From: Zhenzhong Duan <zhenzhong.duan@oracle.com>
To: "Liu, Jinsong" <jinsong.liu@intel.com>,
Jan Beulich <JBeulich@suse.com>, Tim Deegan <tim@xen.org>,
Andrew Cooper <andrew.cooper3@citrix.com>
Cc: Keir Fraser <keir@xen.org>,
"Nakajima, Jun" <jun.nakajima@intel.com>,
"xen-devel@lists.xen.org" <xen-devel@lists.xen.org>,
"Auld, Will" <will.auld@intel.com>,
"suravee.suthikulpanit@amd.com" <suravee.suthikulpanit@amd.com>,
"sherry.hurwitz@amd.com" <sherry.hurwitz@amd.com>
Subject: Re: [PATCH 3/3 V3] XSA-60 security hole: cr0.cd handling
Date: Mon, 04 Nov 2013 16:49:42 +0800 [thread overview]

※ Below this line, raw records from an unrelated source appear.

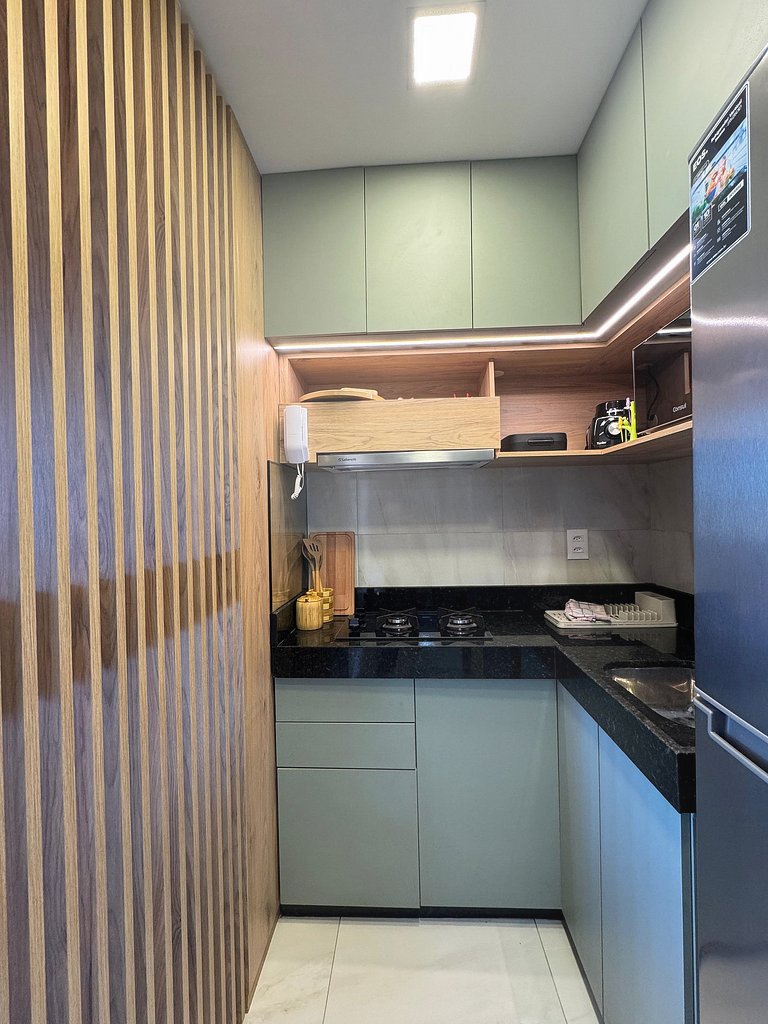 Beira-Mar com Piscina Privativa | TKTU | Apt. 01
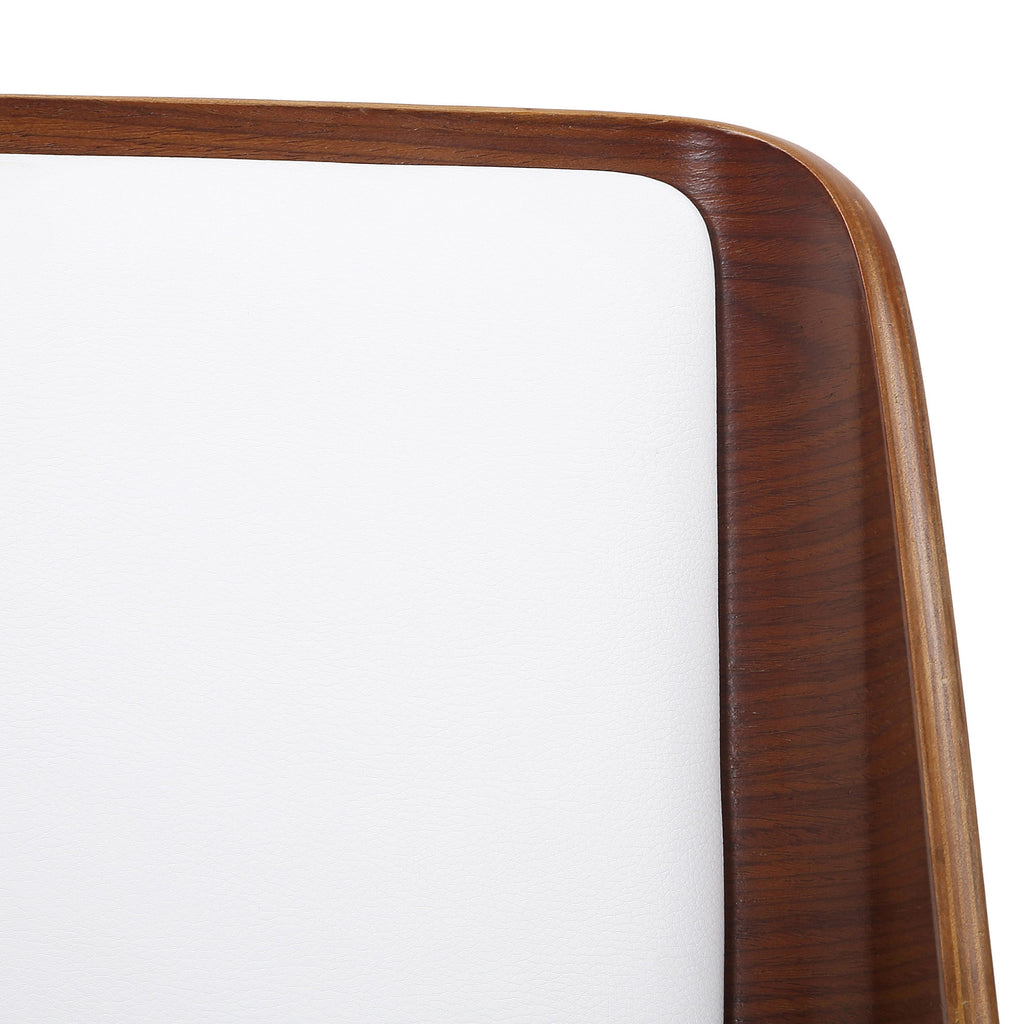 Hudson Dining Chair, Faux Leather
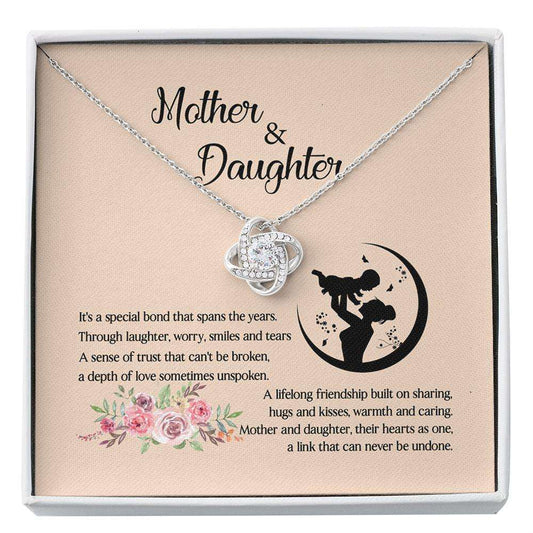 Mother Daughter Necklace, Mother Daughter Gift Necklace, Mother Daughter Custom Necklace Gifts For Daughter Rakva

Message-ID: <52775FA6.1040402@oracle.com> (raw)
In-Reply-To: <DE8DF0795D48FD4CA783C40EC8292335013A64FF@SHSMSX101.ccr.corp.intel.com>
On 2013-10-21 23:55, Liu, Jinsong wrote:
> From 4ff1e2955f67954e60562b29a00adea89e5b93ae Mon Sep 17 00:00:00 2001
> From: Liu Jinsong <jinsong.liu@intel.com>
> Date: Thu, 17 Oct 2013 05:49:23 +0800
> Subject: [PATCH 3/3 V3] XSA-60 security hole: cr0.cd handling
>
> This patch solves XSA-60 security hole:
> 1. For guest w/o VT-d, and for guest with VT-d but snooped, Xen need
> do nothing, since hardware snoop mechanism has ensured cache coherency.
>
> 2. For guest with VT-d but non-snooped, cache coherency can not be
> guaranteed by h/w snoop, therefore it need emulate UC type to guest:
> 2.1). if it works w/ Intel EPT, set guest IA32_PAT fields as UC so that
> guest memory type are all UC.
> 2.2). if it works w/ shadow, drop all shadows so that any new ones would
> be created on demand w/ UC.
>
> This patch also fix a bug of shadow cr0.cd setting. Current shadow has a
> small window between cache flush and TLB invalidation, resulting in possilbe
> cache pollution. This patch pause vcpus so that no vcpus context involved
> into the window.
>
> Signed-off-by: Liu Jinsong <jinsong.liu@intel.com>
> ---
> xen/arch/x86/hvm/hvm.c | 75 ++++++++++++++++++++++--------------
> xen/arch/x86/hvm/vmx/vmcs.c | 2 +-
> xen/arch/x86/hvm/vmx/vmx.c | 58 +++++++++++++++++++++++++++-
> xen/common/domain.c | 10 +++++
> xen/include/asm-x86/hvm/hvm.h | 1 +
> xen/include/asm-x86/hvm/support.h | 2 +
> xen/include/xen/sched.h | 1 +
> 7 files changed, 117 insertions(+), 32 deletions(-)
>
> diff --git a/xen/arch/x86/hvm/hvm.c b/xen/arch/x86/hvm/hvm.c
> index 688a943..df021de 100644
> --- a/xen/arch/x86/hvm/hvm.c
> +++ b/xen/arch/x86/hvm/hvm.c
> @@ -1701,6 +1701,40 @@ int hvm_mov_from_cr(unsigned int cr, unsigned int gpr)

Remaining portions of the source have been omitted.